Each store’s “Diamond Gift Boutique” displays popular diamond styles and executive gifts. Shoppers can register their jewelry wish lists in an interactive electronic “Diamond Dream Registry.”
The stores have such expected features as their own credit card, signature packaging and on-site jewelry design and repair. But Light has added features to set them apart. These include a life-time trade-in policy for any diamond weighing a fifth of a carat or more purchased from Only Diamonds; a 60-day money-back guarantee, no questions asked; and a complimentary insurance appraisal which Only Diamonds will update annually. Perhaps the most unusual feature is a partnership with the Disney Bridal Network, which enables engaged couples to plan a “fairy tale-style wedding” at Walt Disney World in Orlando, Fla.
Operations. Light’s intent to be different affects the stores themselves, which feature custom interiors and showcases created by Levine Design of New York City. Designer Pam Levine calls the Only Diamonds project “the most unique [one] we have done.”
A major goal was to draw customers’ attention to the product and hold it there. To do that, Light and his team worked with Levine to change concepts of display and presentation.
Instead of traditional square trays, for example, Levine created horizontal “ring bars” (on which the jewelry sits) in a variety of original shapes. These can be placed in different positions within the cases, which may hold up to 200 diamond pieces. There is little traditional about the cases themselves, either. They stand on very thin legs, with lots of air beneath them, except those in the center of the store, which are curved and rounded. The aim is to draw customers’ eyes and encourage them to walk through the store.
Mirrors, fabrics, display forms and signage also use “materials, colors and sizes to attract customers’ attention while creating a unique shopping experience,” says Levine.

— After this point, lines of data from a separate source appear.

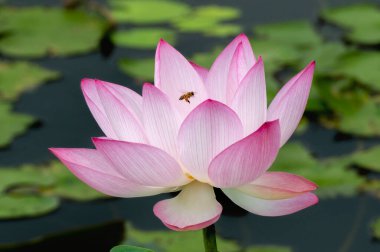 Arka planda yeşil yapraklar ile yaz göletinde açan nilüfer çiçeği.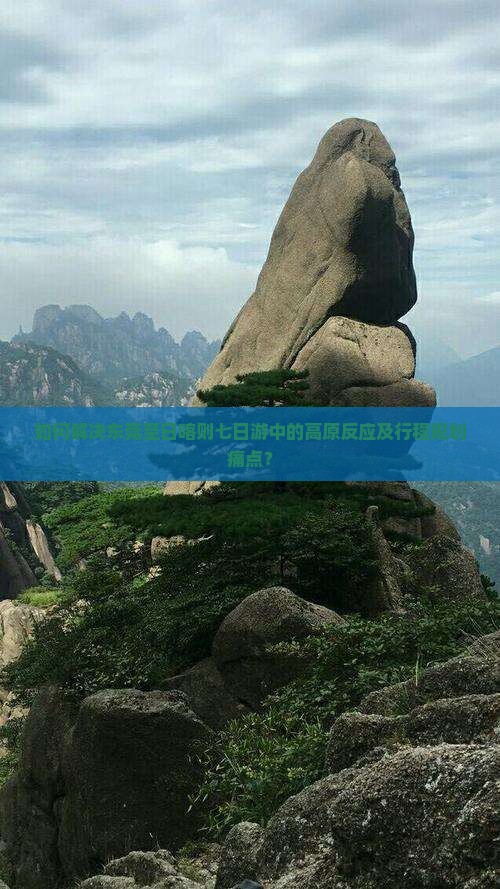 如何解决东莞至日喀则七日游中的高原反应及行程规划痛点？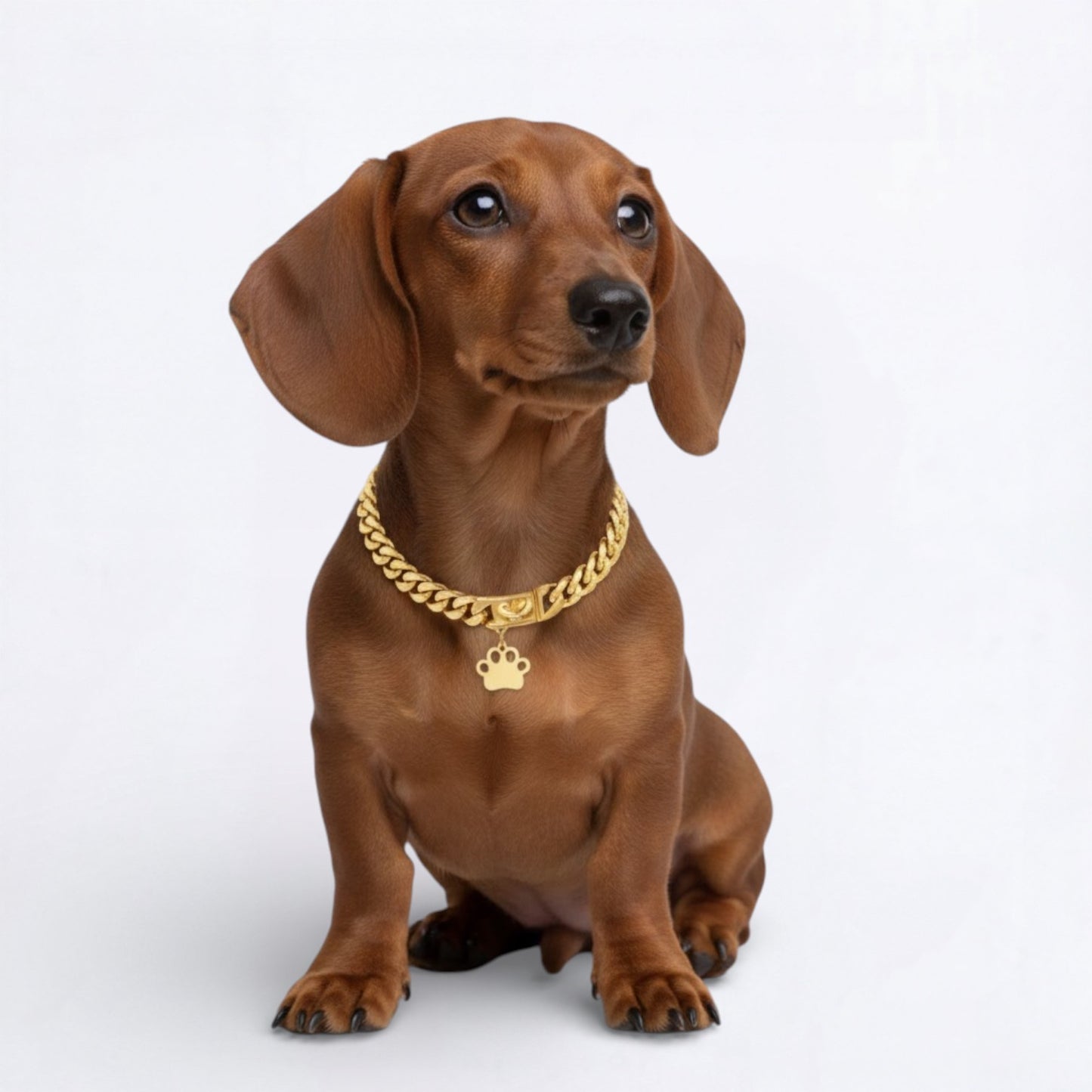 LuxePaw-Dachshund-Cuban-Collar.jpg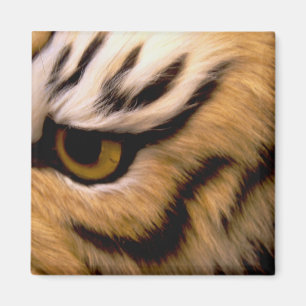 Tiger Photo Square Magnet Magneet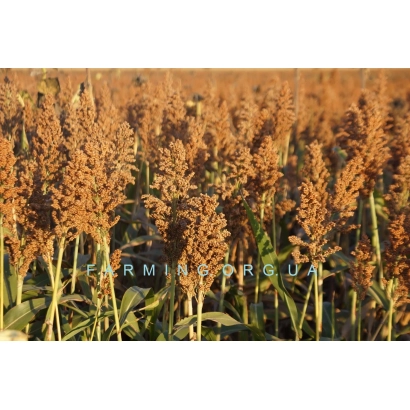 Sorghum field with text FARMING ORLOV - ORLOVSKOE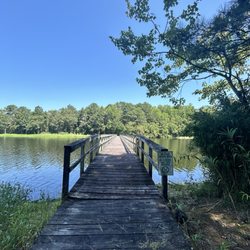 Cabin Lake County Park - Bridge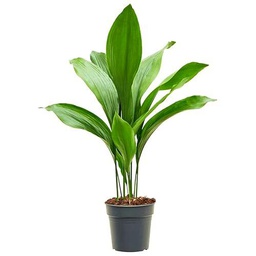 Aspidistra Natural Planta Oreja de Burro para Embellecer tu Hogar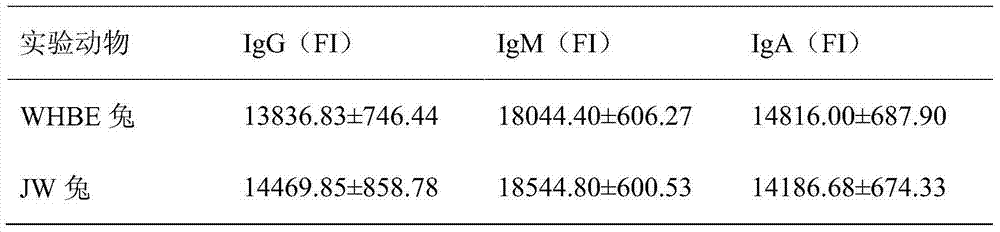 Rabbit serum immunoglobulin liquid-phase suspension chips and preparation and application thereof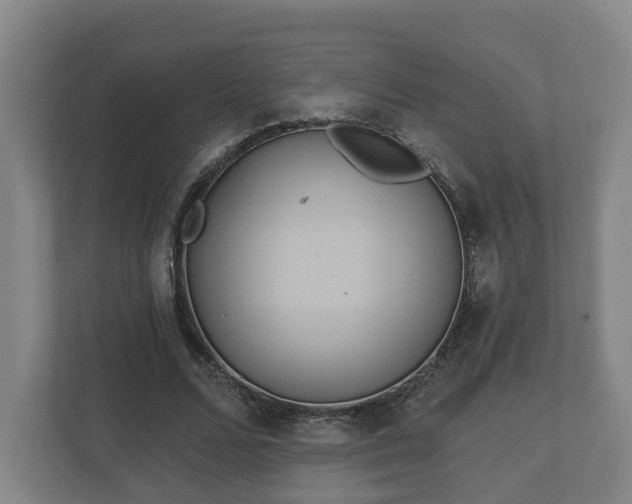 X0000113080680200909041129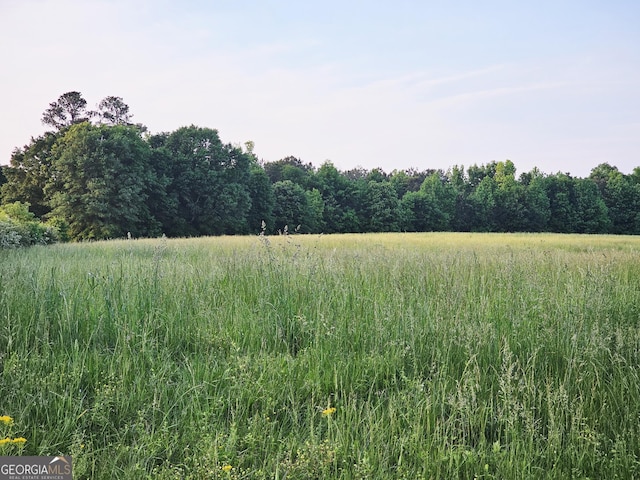 0 Welcome Rd Unit 3, Roopville, GA 30170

All of Only Diamonds’ interior signage – and there is a lot of it – is made of glass in a variety of consistent shapes designed to be non-intrusive in appearance. “Signage can be a real sore spot,” says Levine, “especially when selling luxury items, if not done well graphically. You don’t want to see the signage before you see the product.”
Using glass “elevates everything. [The customer’s] attention is drawn to the product, not the sign, but you still convey information in an elegant way.”

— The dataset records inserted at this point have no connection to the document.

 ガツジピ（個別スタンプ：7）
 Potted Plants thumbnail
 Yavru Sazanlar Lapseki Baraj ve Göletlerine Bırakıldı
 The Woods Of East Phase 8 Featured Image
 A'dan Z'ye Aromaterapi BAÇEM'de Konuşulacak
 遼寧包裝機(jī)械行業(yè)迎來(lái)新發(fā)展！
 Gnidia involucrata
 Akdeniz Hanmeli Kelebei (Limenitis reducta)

Seemingly, no detail was too minor to be enhanced or redesigned. Even the ring plugs – usually ugly little cast-plastic items – are made of enamel and stylish. The store’s paper coffee cups carry the Only Diamonds logo. Packaging was produced in four different areas of the world, but all was dyed at Levine Design in New York to ensure consistent color and hue.
“They built [the concept of these stores] from the ground up, and the message [they communicate] is very clear,” says Levine.
The message is clear to employees, as well. The Only Diamonds home office in Akron communicates with each location via e-mail four times a day. Advanced point-of-sale systems and an extensive computer network help it capture client information, analyze various markets and quickly fill the jewelry needs of Only Diamonds stores around the country, say Light and his people.